Kommentar Frankreich und die Türkei: Mord wird Wahlkampfthema

Frankreich will die Leugnung des Völkermordes an den Armeniern unter Strafe stellen. Das hilft nur den Hardlinern in der Türkei und schadet den Armeniern im Land.

Es ist sicher keine besonders gute Idee, die sogenannte Leugnung des Völkermordes an den Armeniern unter Strafe zu stellen, wie es das französische Parlament am Donnerstag wahrscheinlich beschließen wird. Damit überzeugt man niemanden, der nicht sowieso längst davon überzeugt ist, dass der Massenmord an den Armeniern 1915 den Charakter eines Völkermordes hatte.

Im Gegenteil, man schließt die Reihen der Skeptiker. Verbote in Frankreich nutzen nur den Hardlinern in der Türkei und schaden den Armeniern im Lande.

Doch darum geht es gar nicht. Frankreichs Präsident Nicolas Sarkozy will im kommenden Wahlkampf bei den zahlreichen Armeniern in Frankreich punkten, und das Gesetz ist ein billiges Mittel dazu. Sosehr dieser Zusammenhang in der Türkei beklagt wird, die türkische Reaktion, mit dem Abzug des Botschafters und dem Boykott französischer Firmen zu drohen, bringt auch nicht weiter.

Die Türkei wird früher oder später akzeptieren müssen, dass der größte Teil der Welt den Mord an der armenischen Minderheit als Völkermord betrachtet. Je früher sie es akzeptiert, umso besser. Das bedeutet, dass der türkische Staat sich entschuldigt und einen Fonds für Entschädigungen einrichtet. Tut er das nicht, werden die kommenden Jahre schwierig für Ankara.

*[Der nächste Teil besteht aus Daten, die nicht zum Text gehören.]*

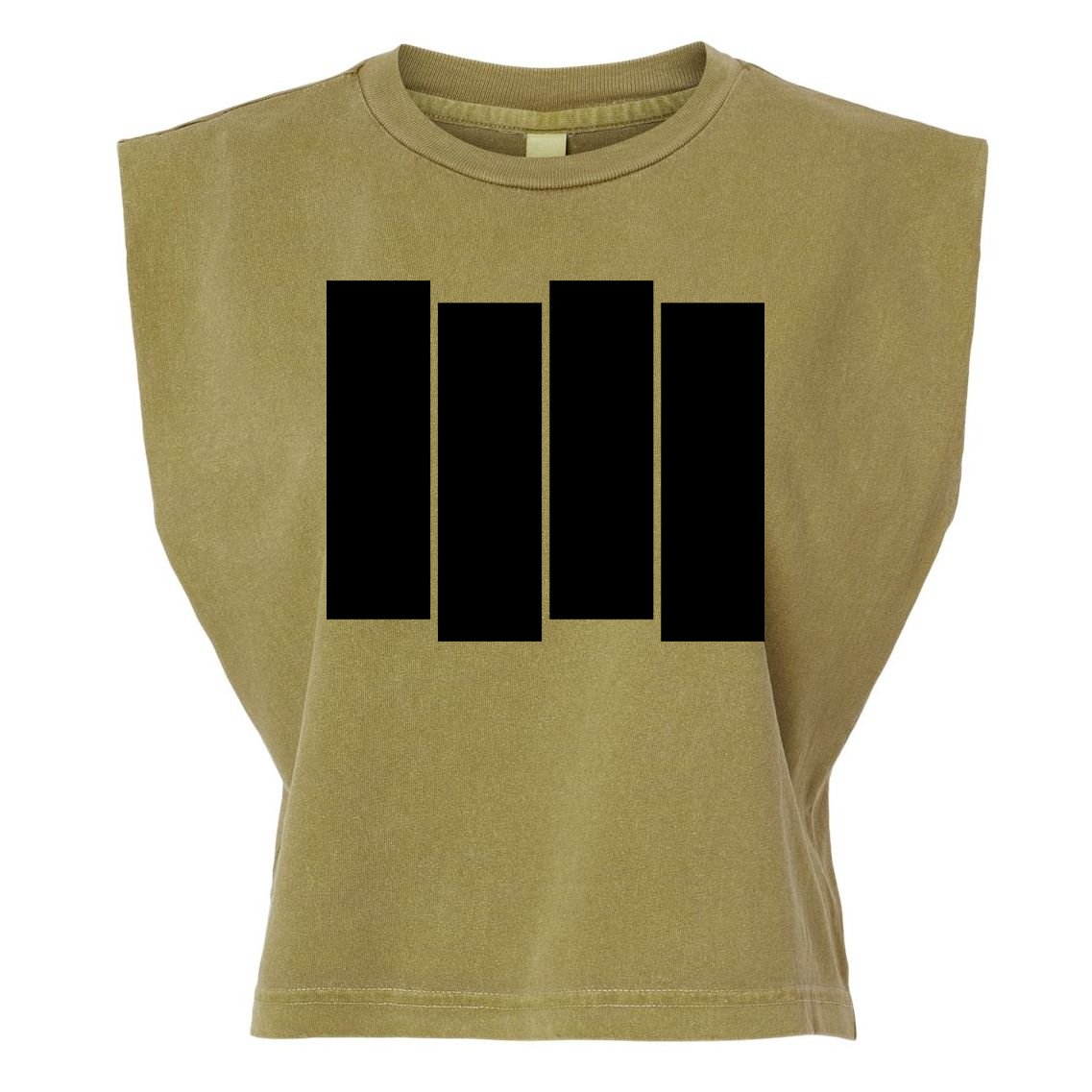 Black Flag Best Gift Garment-Dyed Women's Muscle Tee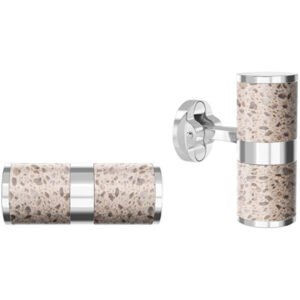 Gravelli Manžetové knoflíčky z oceli a betonu Unity GJCMSLS109UN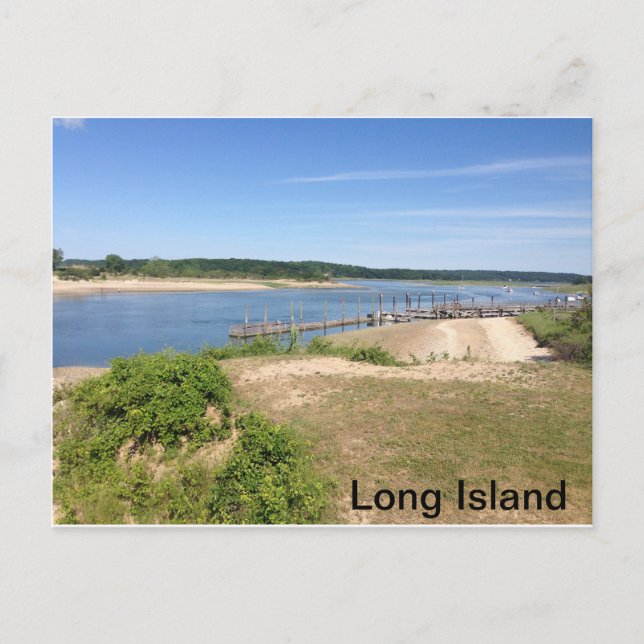 Postal La costa norte de Long Island (Anverso)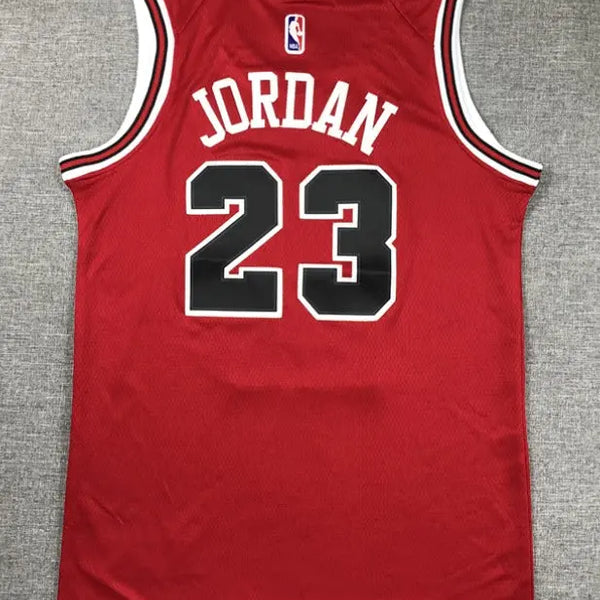 All MICHAEL JORDAN NBA Chicago Bulls Jersey - Junior/youth - Black stripped White & Red Options/ nba jersey Gorilla fits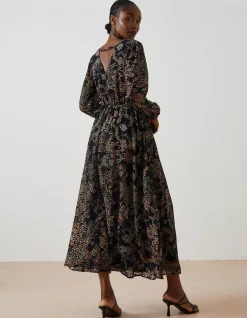 Women FatFace Dresses|Victoria Floral Midi Dress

2015 jährt sich der Genozid zum hundertsten Mal. Die Symbolik dieses Datums wird dazu führen, dass viele Politiker weltweit die Chance nutzen werden, sich als die Guten an der Seite der Opfer zu präsentieren, auch wenn ihnen das Schicksal der Armenier herzlich egal ist.

Wenn die Türkei sie alle dann boykottieren will, sollte sie sich aus der Weltwirtschaft am besten jetzt schon verabschieden. Es ist höchste Zeit für die politisch Verantwortlichen in Ankara, den Prozess des Umdenkens im Land nicht länger zu behindern, sondern aktiv zu fördern.